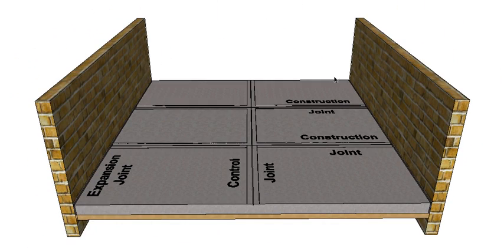Alright so there we go, there's three common joints used with concrete: the expansion joint, the control joint and the construction joint.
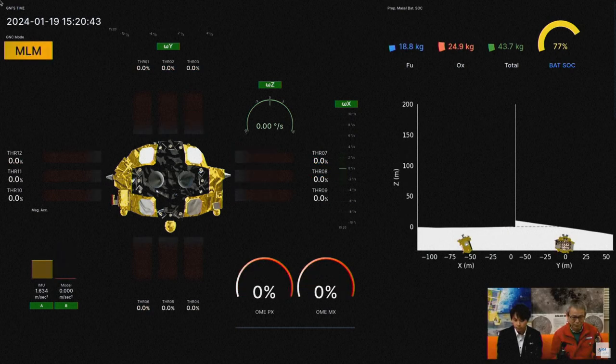What we see is SLIM has landed on the slope.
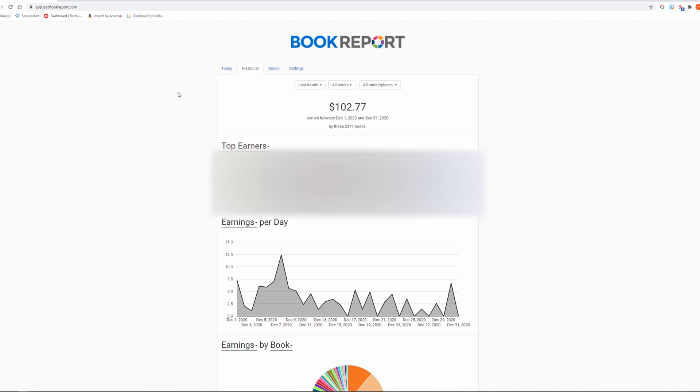I share with you my side hustle strategies, income reports, the way I diversify my sources of income and give you tips on how you can start making money online.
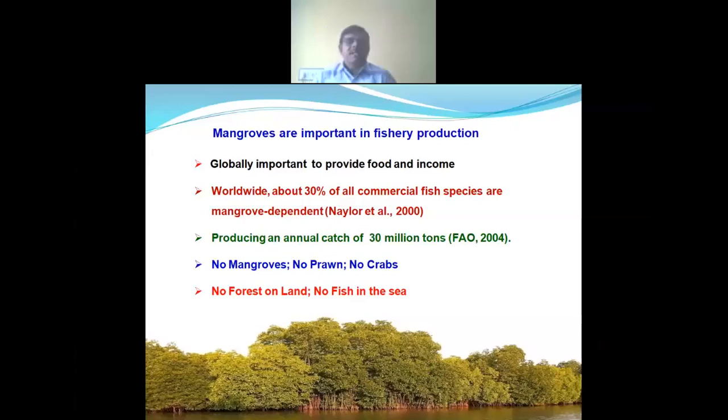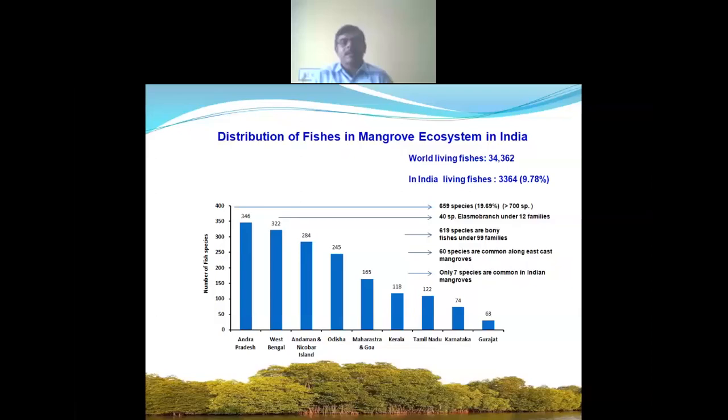Mangroves are important in fishery production. Globally, about 30 percent of all commercial fish species are associated with mangrove development worldwide. According to the FAO, mangroves produce 30 million tonnes of catches annually. This has given rise to the phrase used by the scientific community: 'no mangroves, no prawns.'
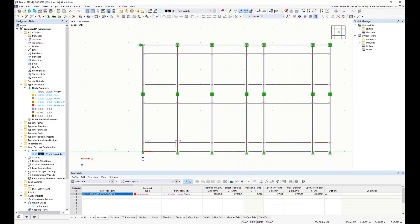Calculating and applying these glass loads for each pane would be very time-consuming, so I've created a script that generates them automatically. With scripting you can create topology, load cases, and loads, among other things. However, you cannot read results, access external files, start a calculation, open or close files, or communicate with other applications such as Excel. The programming language is JavaScript.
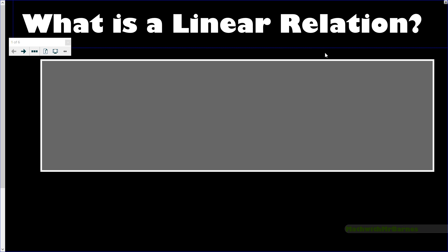Hey guys, Mr. B here bringing another awesome math video, this one on linear relations. There's a lot of demand for people doing lines and things like that in their classes. I've got some other videos on how to find slope and y equals mx plus b. I thought I'd do a quick video on just finding linear relations — how do we tell if it's a linear relation, and if we're given a table, what do we do?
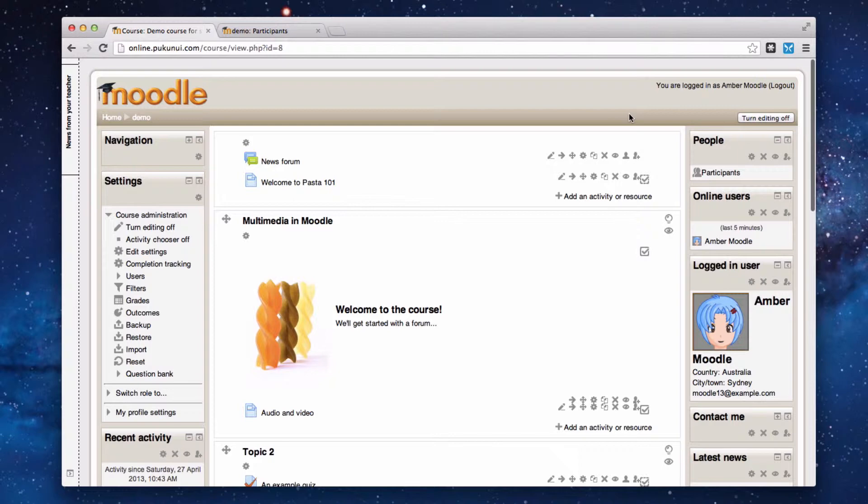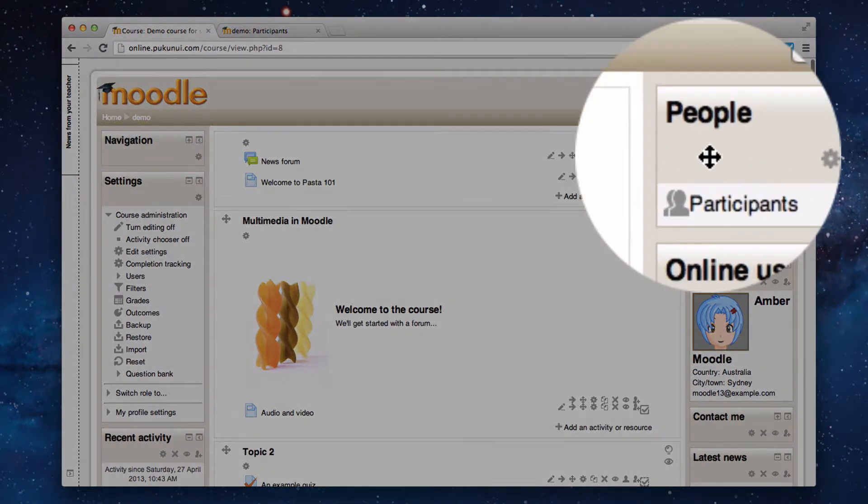I'm logged into a Moodle 2.4 site as a teacher in a course and the first block we're looking at is the people block.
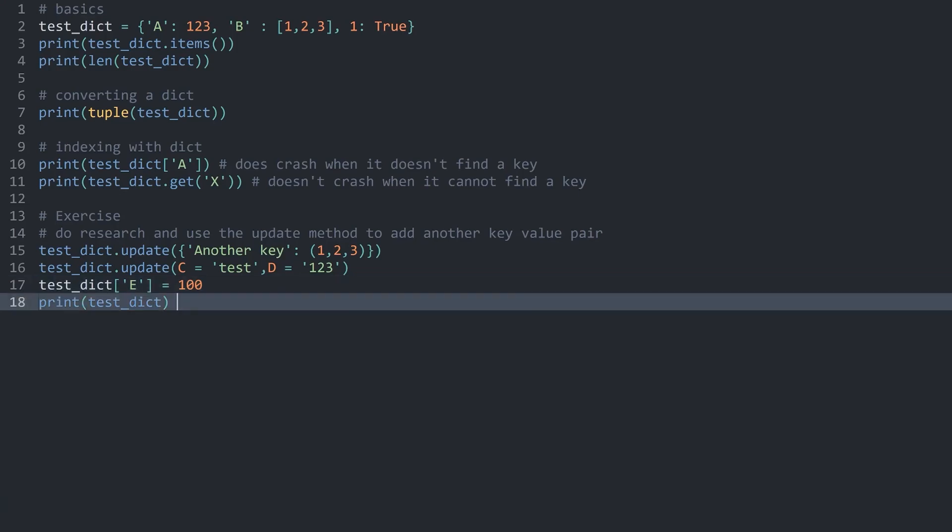And that is basically all you have to know about dictionaries. It really is a fairly simple data type, but one that gives a lot of order to your code.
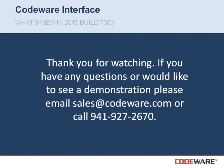I'd like to thank you for watching this quick video. If you have any questions or you'd like to see a demonstration, please email sales at codeware.com or give us a call at 941-927-2670.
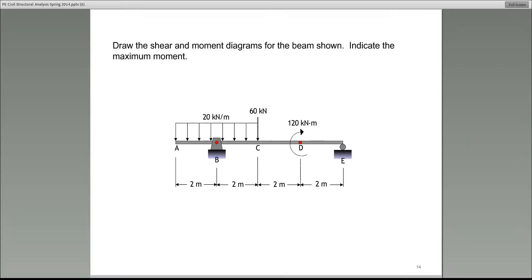They will ask you to please draw the shear diagram or the moment diagram. They will give you this, but they will ask you specific questions about the shear diagram or the moment diagram, and for you to be able to answer those questions, you must be able to draw a complete shear and moment diagram and understand what it represents. For that reason, I'm going to walk through creating a shear diagram and a moment diagram using a load diagram such as this one.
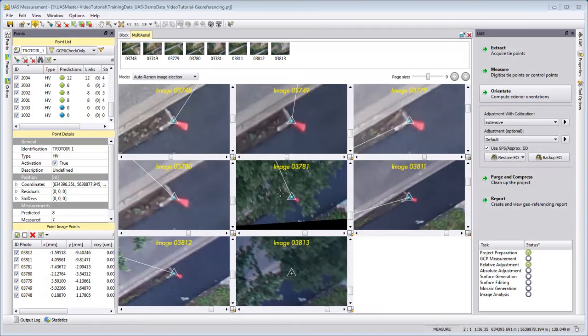Welcome to this UAS Master video tutorial. Today we will take a look at the orientation in the georeferencing.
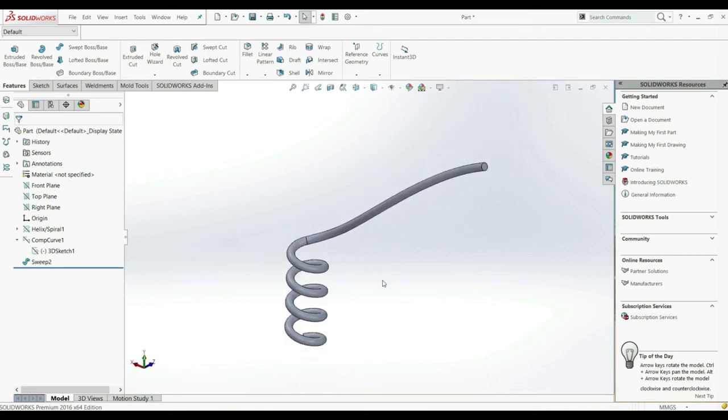So this is how you can create a helix, a spiral, and how you can use a composite curve.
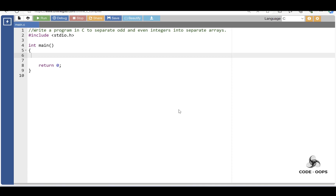Hello everyone, in this video we will learn a program in C to separate odd and even integers into separate arrays.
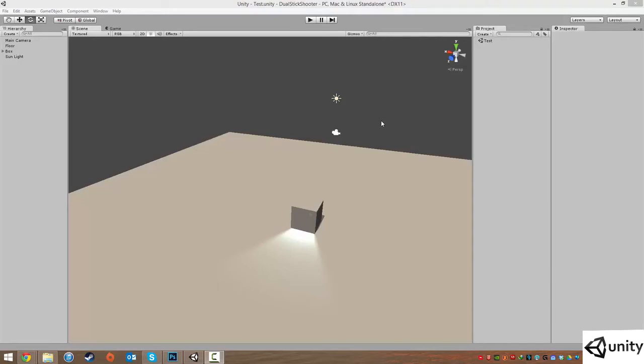Hi everyone, welcome to the next lesson. In this lesson we're going to be looking at the power of prefabs within Unity.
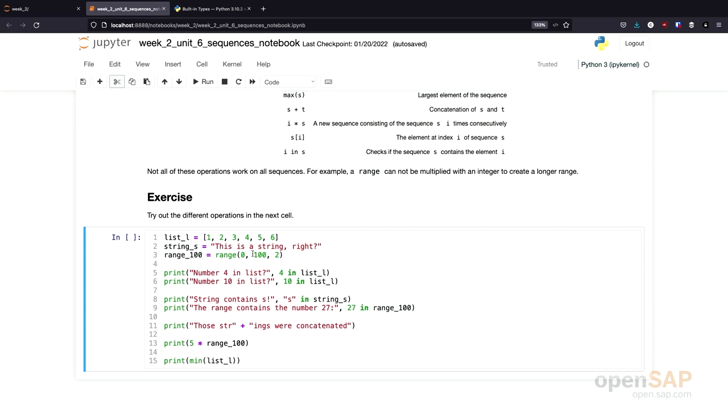That's all the theory I want to give you as background. Let's try this out. For the next exercise, I provided a few examples. You should now go on and play around a little bit with the string, with the list, and with the range that we provided here and try out different operations and see what the result is.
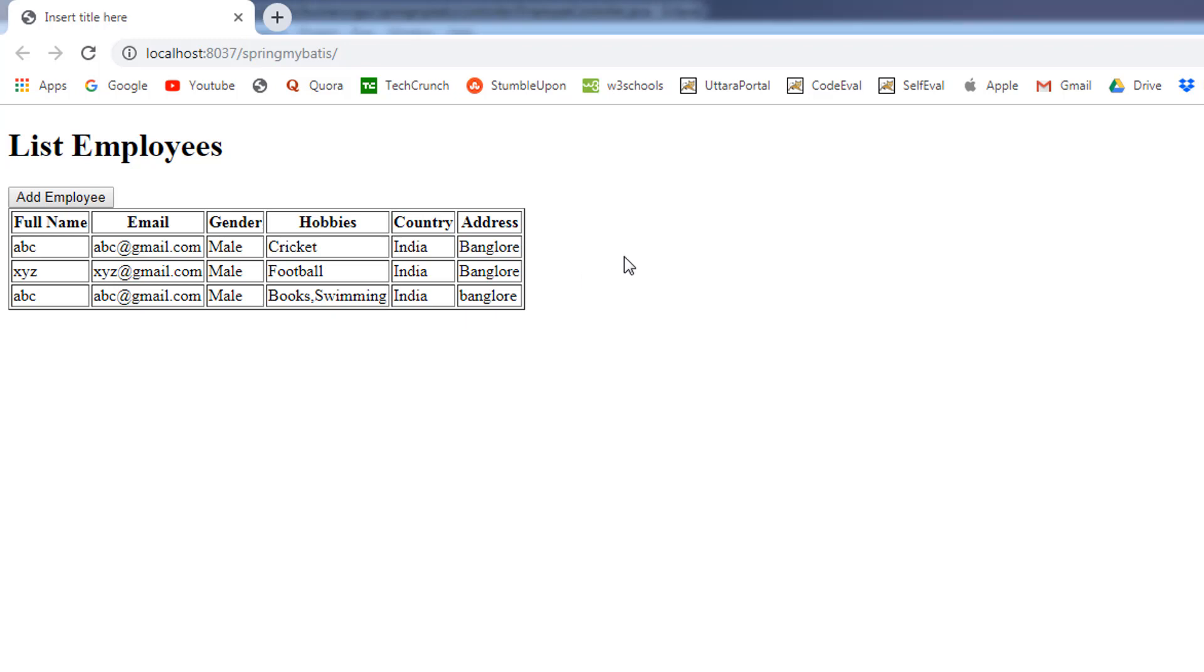On click of the delete link, we are going to delete the respective record. For example, all these records will contain the delete link and on click of the delete link, we are going to delete the respective record. Let's see how we can perform that.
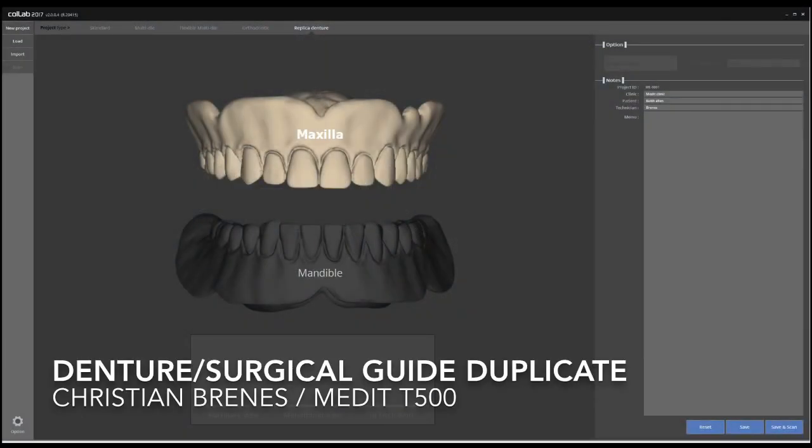Hey guys, this is a quick demonstration of how to use a T500 for a denture duplicate or surgical guide duplicate from a complete denture. The process of using this scanner is way more simple and automated than using an intraoral scanner.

--------------------------------

__What you should do__
The listing above should be repeated word for word, pictures removed.

__Response to this exercise__
Alright so there we go, there's three common joints used with concrete: the expansion joint, the control joint and the construction joint.
What we see is SLIM has landed on the slope.
I share with you my side hustle strategies, income reports, the way I diversify my sources of income and give you tips on how you can start making money online.
Mangroves are important in fishery production. Globally, about 30 percent of all commercial fish species are associated with mangrove development worldwide. According to the FAO, mangroves produce 30 million tonnes of catches annually. This has given rise to the phrase used by the scientific community: 'no mangroves, no prawns.'
Calculating and applying these glass loads for each pane would be very time-consuming, so I've created a script that generates them automatically. With scripting you can create topology, load cases, and loads, among other things. However, you cannot read results, access external files, start a calculation, open or close files, or communicate with other applications such as Excel. The programming language is JavaScript.
Hey guys, Mr. B here bringing another awesome math video, this one on linear relations. There's a lot of demand for people doing lines and things like that in their classes. I've got some other videos on how to find slope and y equals mx plus b. I thought I'd do a quick video on just finding linear relations — how do we tell if it's a linear relation, and if we're given a table, what do we do?
I'm logged into a Moodle 2.4 site as a teacher in a course and the first block we're looking at is the people block.
And that is basically all you have to know about dictionaries. It really is a fairly simple data type, but one that gives a lot of order to your code.
I'd like to thank you for watching this quick video. If you have any questions or you'd like to see a demonstration, please email sales at codeware.com or give us a call at 941-927-2670.
They will ask you to please draw the shear diagram or the moment diagram. They will give you this, but they will ask you specific questions about the shear diagram or the moment diagram, and for you to be able to answer those questions, you must be able to draw a complete shear and moment diagram and understand what it represents. For that reason, I'm going to walk through creating a shear diagram and a moment diagram using a load diagram such as this one.
Welcome to this UAS Master video tutorial. Today we will take a look at the orientation in the georeferencing.
So this is how you can create a helix, a spiral, and how you can use a composite curve.
Hello everyone, in this video we will learn a program in C to separate odd and even integers into separate arrays.
Hi everyone, welcome to the next lesson. In this lesson we're going to be looking at the power of prefabs within Unity.
That's all the theory I want to give you as background. Let's try this out. For the next exercise, I provided a few examples. You should now go on and play around a little bit with the string, with the list, and with the range that we provided here and try out different operations and see what the result is.
On click of the delete link, we are going to delete the respective record. For example, all these records will contain the delete link and on click of the delete link, we are going to delete the respective record. Let's see how we can perform that.
Hey guys, this is a quick demonstration of how to use a T500 for a denture duplicate or surgical guide duplicate from a complete denture. The process of using this scanner is way more simple and automated than using an intraoral scanner.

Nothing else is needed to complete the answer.